Polyphonia (Christopher Wheeldon/ Gyorgy Ligeti) ; Sweet violets (Scarlett / Sergei Rachmaninov) ; Carbon Life (Wayne McGregor/ Mark Ronson, Andrew Wyatt) – Royal Opera House – Représentation du 23 avril
De toute évidence, le spectacle est organisé pour finir en climax. Une sono assourdissante, des musiciens en vogue (le DJ qui a produit Amy Winehouse, etc.), quatre chanteurs – dont un rappeur et l’inusable Boy George –, des lumières chiadées, des costumes design avec accessoires en plastoc noir et jupettes en forme de parapluie. Et puis de la danse. Il est de bon ton – c’est ce que fait Luke Jennings dans le programme du spectacle – de faire de Wayne McGregor un novateur poussant le langage chorégraphique vers de nouveaux horizons, à l’instar de William Forsythe radicalisant Balanchine il y a 20 ans. Il n’est pas sûr, cependant, qu’on puisse acquiescer sans débat. C’est pousser un peu vite dans la tombe le chorégraphe basé à Francfort, dont les dernières créations – notamment Sider, présenté à Chaillot l’hiver dernier – débordent de malicieuse inventivité. Et puis, qu’apporte-t-il de si précieux ? Une chorégraphie atmosphérique ? Un mouvement hystérisé ? Le sexy dans la danse ? Pourquoi pas, mais à quoi bon tout cela ? Chaque nouveau spectacle de McGregor que je vois me fait penser à une mode : irrésistible autant qu’éphémère. Cette année, en tout cas, je passe mon tour : le mouvement, comme écrasé par la rythmique rock, est plus saccadé qu’à l’habitude ; on manque de respiration, sauf – sans surprise – pendant une petite minute de silence dansée par Edward Watson et Olivia Cowley.
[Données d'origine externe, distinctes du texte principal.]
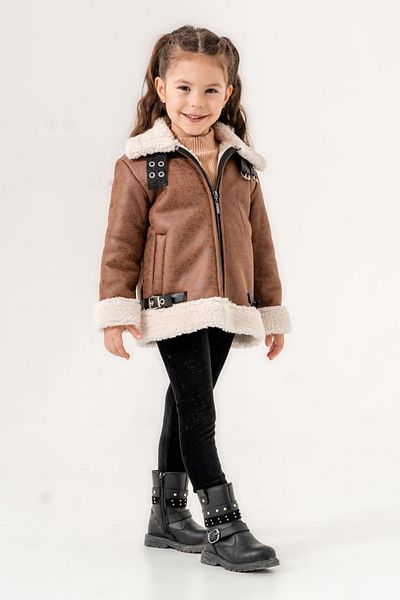Minigimin Cicileri Girl's My Mini's Flowers - Welsoft Leather, Zippered Coat, Brown Set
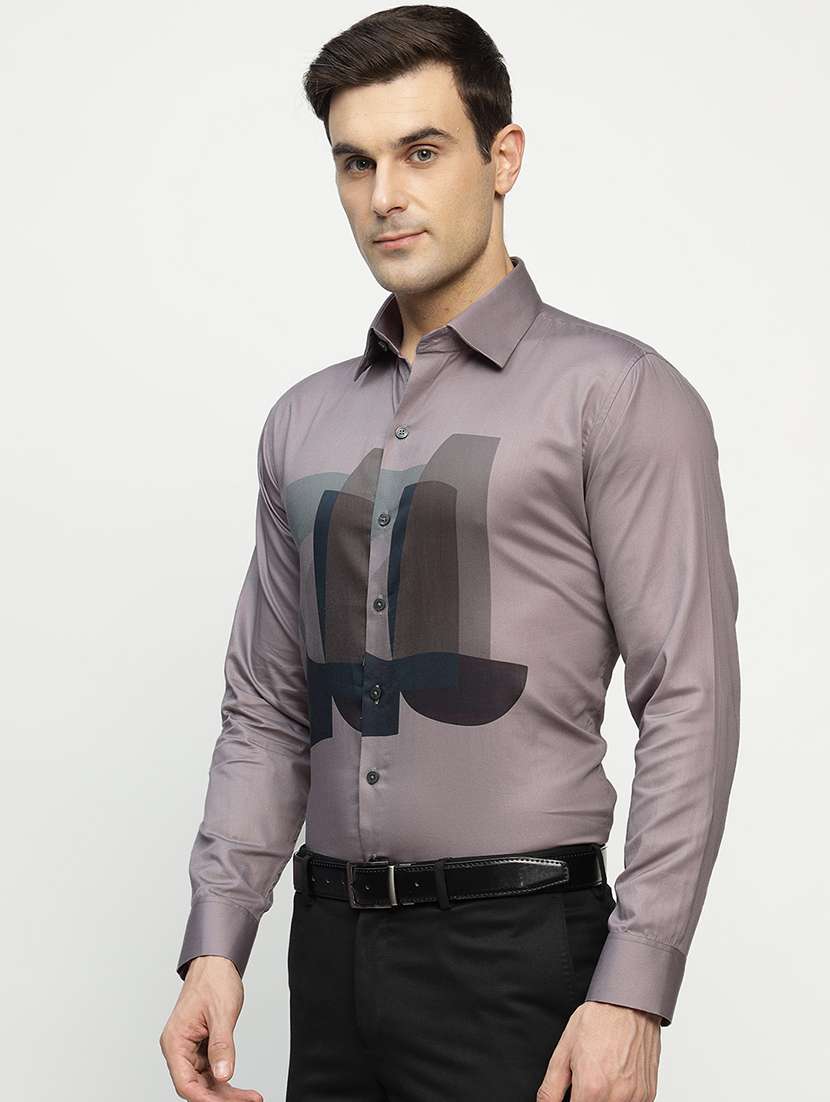 men printed collared long sleeve regular fit shirt - 22039469 -  Standard Image - 1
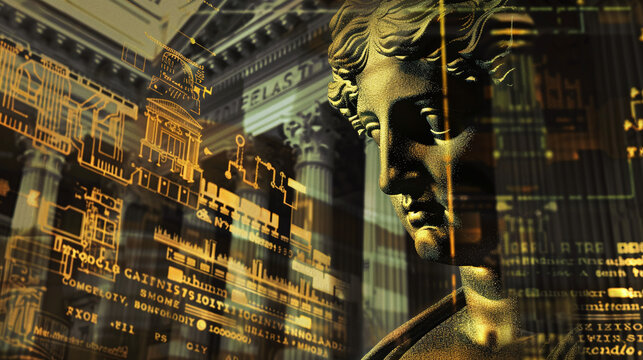 A Classic Statue of a Greek Philosopher Overlays a Modern Digital Backdrop at a Historical Bank, Symbolizing the Blend of Tradition and Innovation in Finance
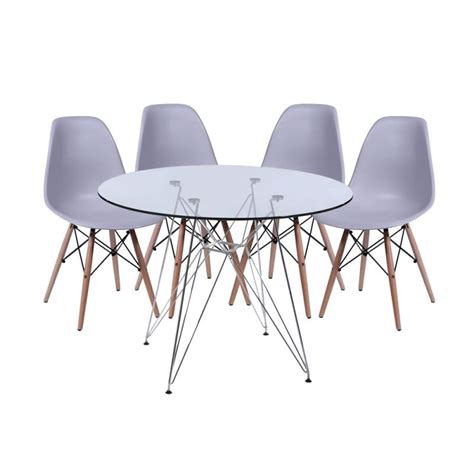 Conjunto Mesa Eiffel De Vidro A Base Cromada Cm Cadeiras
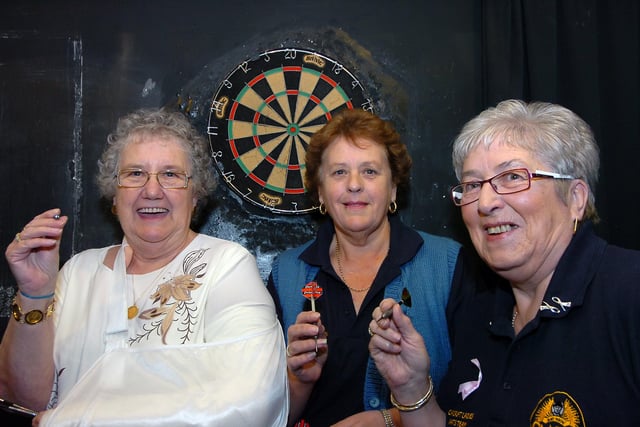 The Ladies' Thursday Darts Charity League held the second of it finals nights  in 2008 at York Bar WMC. Our picture shows, from left, Cynthia Bunting, Alma Wallace and Ann Parkin-Coates. Cynthia played Alma in the singles final and Ann in the over 60s singles final.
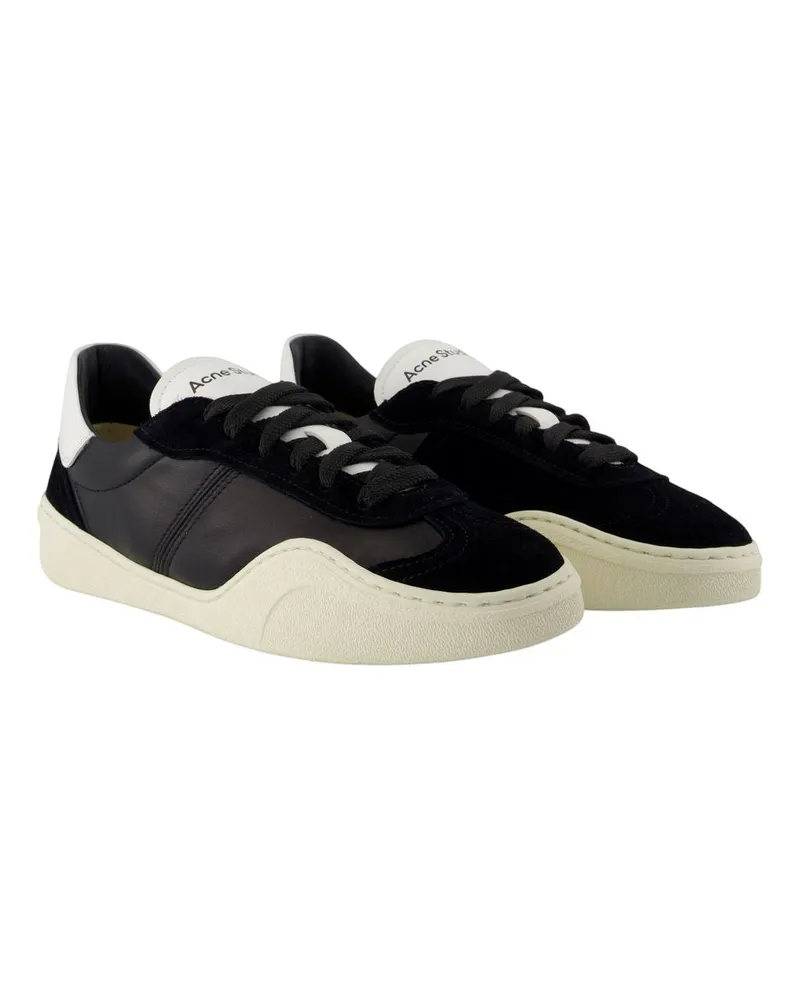Acne Studios Men's Bars Drago M Sneakers -  Leather Multicolor Black Lambskin Shoes Black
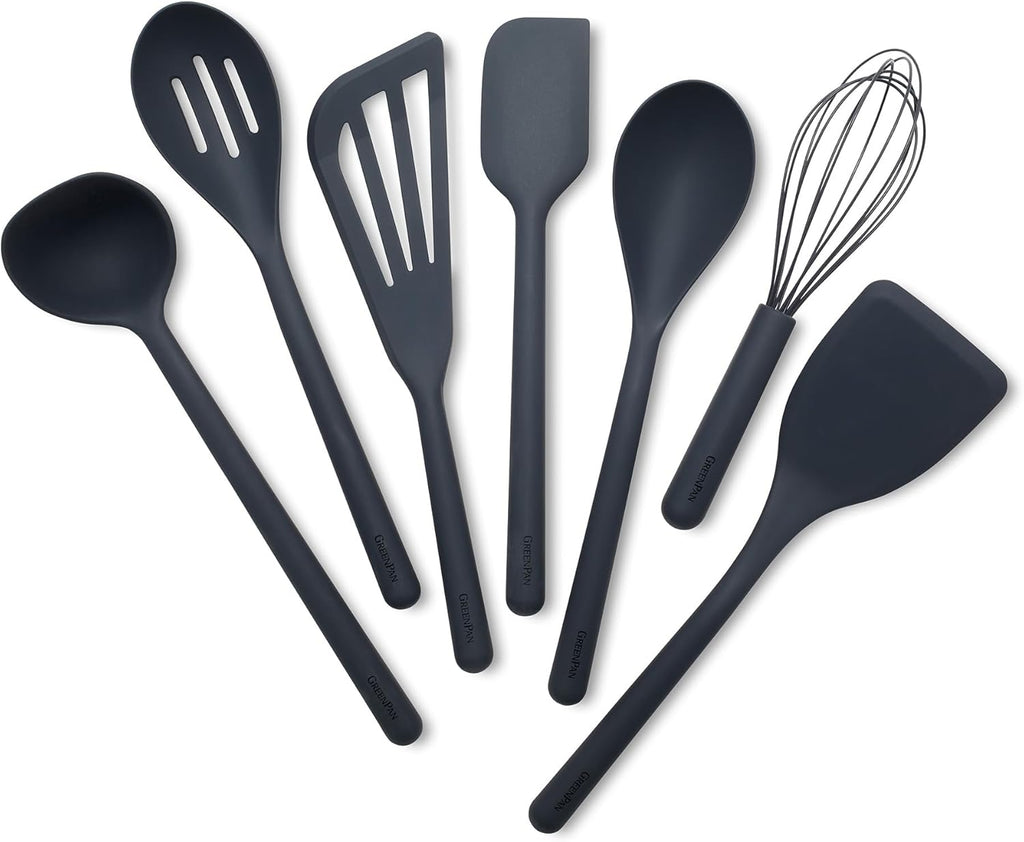 GreenPan Silicone 7 Piece Cooking Utensil Set, Ladle, Turners, Spatula, Spoons, Whisk, Flexible Nonstick Kitchen Tools Rigid Steel Core, Heat-Resistant, Anti-Slip Handle BPA-Free Dishwasher Safe, Gray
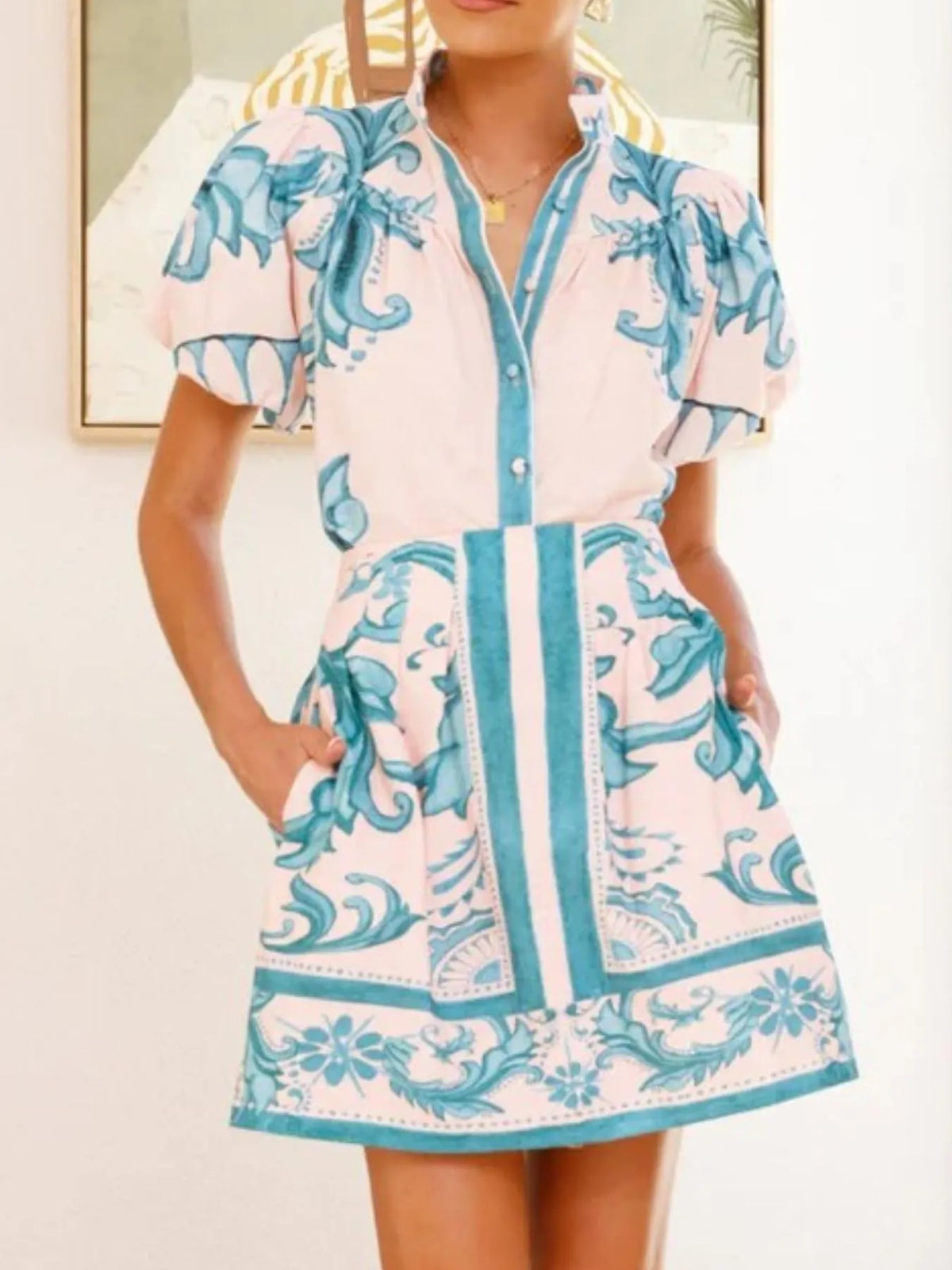 Printed Puff Sleeve Top Skirt Set (8)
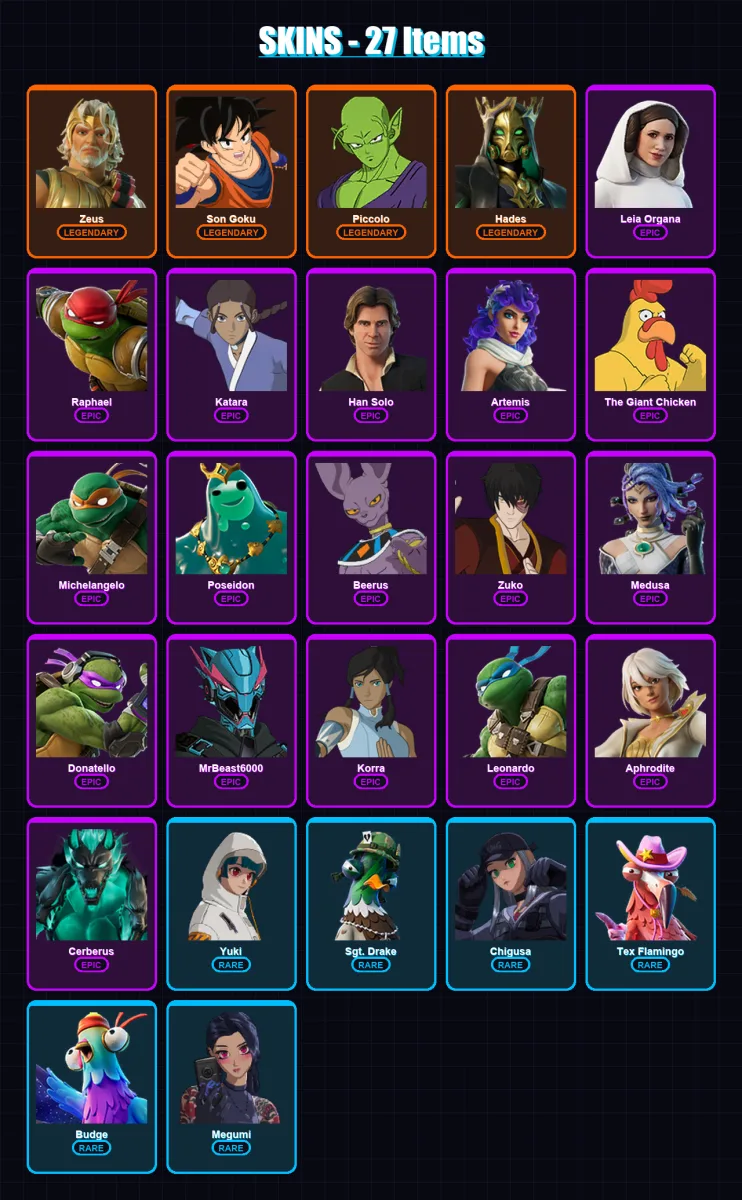 [PC/PSN] | Zeus | Son Goku | Piccolo | Hades | Leia Organa | 27 skin | 28 pickaxe | 43 emote | 15 glider | Lv152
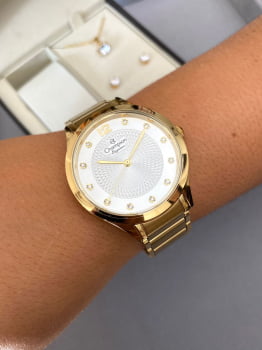 Kit Relógio Champion Elegance Feminino Dourado com Cristais Visor Prateado Texturizado com Cristais Á Prova d'água CN25903W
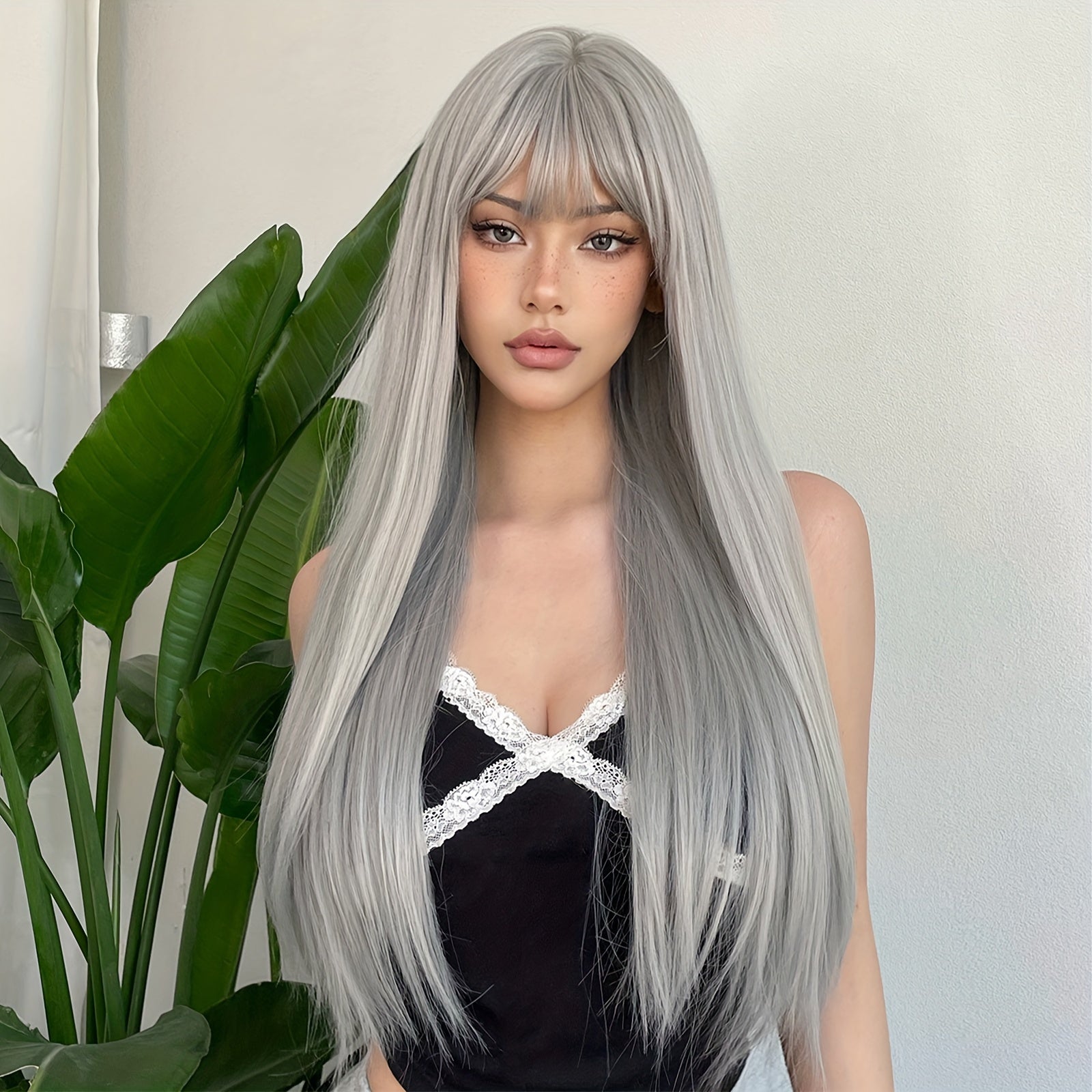 Peruca Cinza Prateada Longa com Franja Halloween | Polly Hair
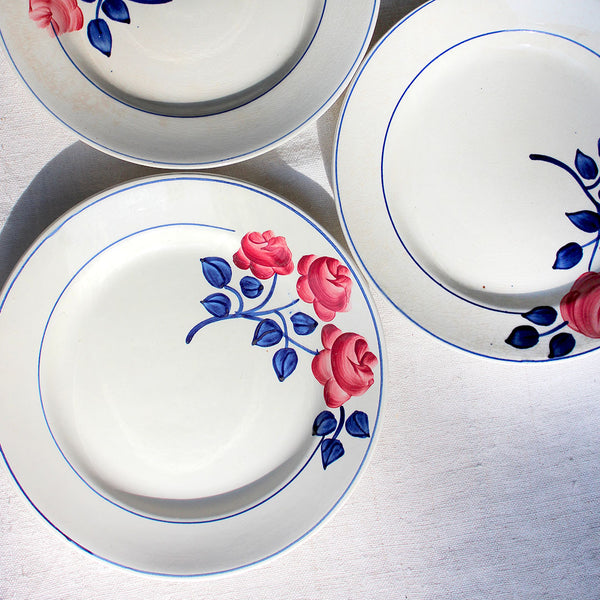 6 assiettes à dessert au décor à la rose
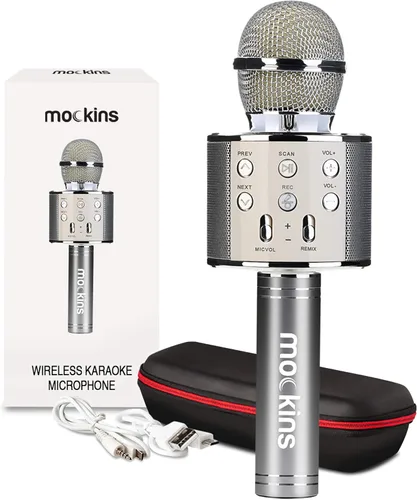 Miniatura 10 de Mockins Micrófono de Karaoke Bluetooth Negro para Niños con Altavoz Bluetooth Integrado Micrófono Inalámbrico de Karaoke Compatible con iPhone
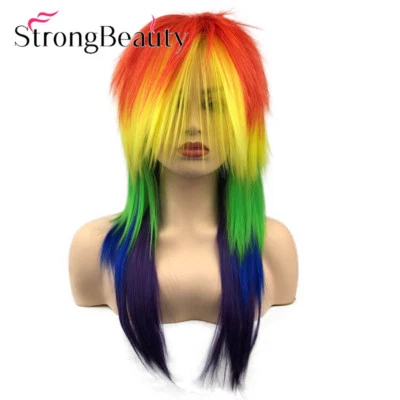 Long Rainbow Cosplay Wig Ponytail Multi Color Synthetic Wigs - Image 1 of 4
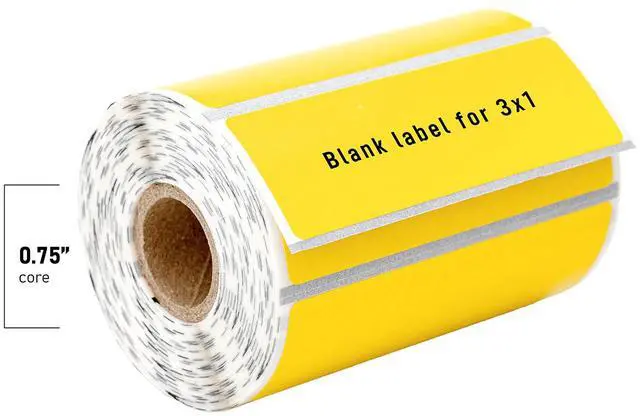 Alt view image 5 of 7 - HOUSELABELS 3" x 1" Yellow Multipurpose Labels on 0.75" Core Compatible With Zebra and Rollo Printers, 2 Rolls / 550 Labels per Roll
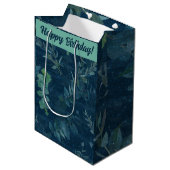 Sac Cadeau Moyen Joli bleu foncé et Turquoise vert Feuilles Anniver (Devant Angle)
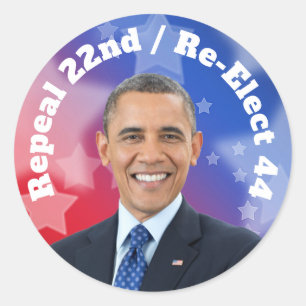 Pegatina Redonda Reelegir al presidente Obama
Voilà donc la grande innovation McGregor 2012 : une danse aplatie par le son, comme il est des plantes écrasées de soleil.
Sweet Violets, de Liam Scarlett, prend sa source dans un fait divers, le meurtre non élucidé d’une prostituée à Camden en 1907. Près de 20 ans après Jack l’Eventreur, l’histoire défraya la chronique. La fascination pour le crime trouve son écho dans les œuvres du peintre Walter Sickert (1860-1942), qui s’y intéressa de si près qu’on crut pouvoir l’y mêler. Faisant fond sur une autre légende associée, qui voudrait que la reine Victoria ait fait interner la maîtresse de son petit fils le prince Eddy, et assassiner une amie qui avait le tort d’en savoir trop, Liam Scarlett construit un ballet narratif assez touffu, sur le trio élégiaque de Rachmaninov. Le ballet débute par la très réussie scène du meurtre (dansée par Meaghan Grace Hinkis et Thomas Whitehead, inquiétant meurtrier). Nous sommes ensuite chez le peintre (Bennet Gartside), chez qui vient musarder Eddy (Ricardo Cervera). Ce dernier papote avec Mary-Jane Kelly, l’employée de Sickert (Laura Morera) et surtout, badine avec Annie (Leanne Cope), l’amie du prince que la police embarque et envoie chez les fous. Marianela Nuñez (Mary le modèle) pose nue pour le peintre. On tremble pour elle quand, au pas de deux sensuel qu’elle danse avec Sickert, se joint un deuxième larron, ami du peintre, que nous reconnaissons pour l’assassin du début. Après, cela se complique : nous voilà au music-hall (autre centre d’intérêt de Sickert), Mary-Jane a mal tourné, et Jack l’Eventreur (glaçant Alexander Campbell) traîne dans les coins sombres. L’histoire navigue entre réalité et fantasme et Liam Scarlett montre pour une troisième fois sa science du pas de deux sexuel. Nous sommes incontestablement dans la lignée du MacMillan de Mayerling, tant pour la virtuosité chorégraphique que pour la sursaturation narrative.
Le plat de résistance était roboratif, mais le meilleur aura été l’entrée. Polyphonia a été créé pour le New York City Ballet en 2001, sur des musiques de Ligeti. Quatre couples sur scène, un piano dans la fosse. La chorégraphie séduit par sa profonde musicalité et son absence d’esbroufe. Sarah Lamb danse avec Johannes Stepanek : n’importe quel tarabiscotage passe, car le mouvement épouse chaque respiration musicale. Ludovic Ondiviela valse avec Yuhui Choe. Dawid Trzensimiech et Itziar Mendizabal dansent Allegro con spirito. On découvre dans l’adagio Yasmine Naghdi et James Hay, et on a tout de suite envie de les revoir souvent. On entend le vent qui souffle dans la grande plaine hongroise.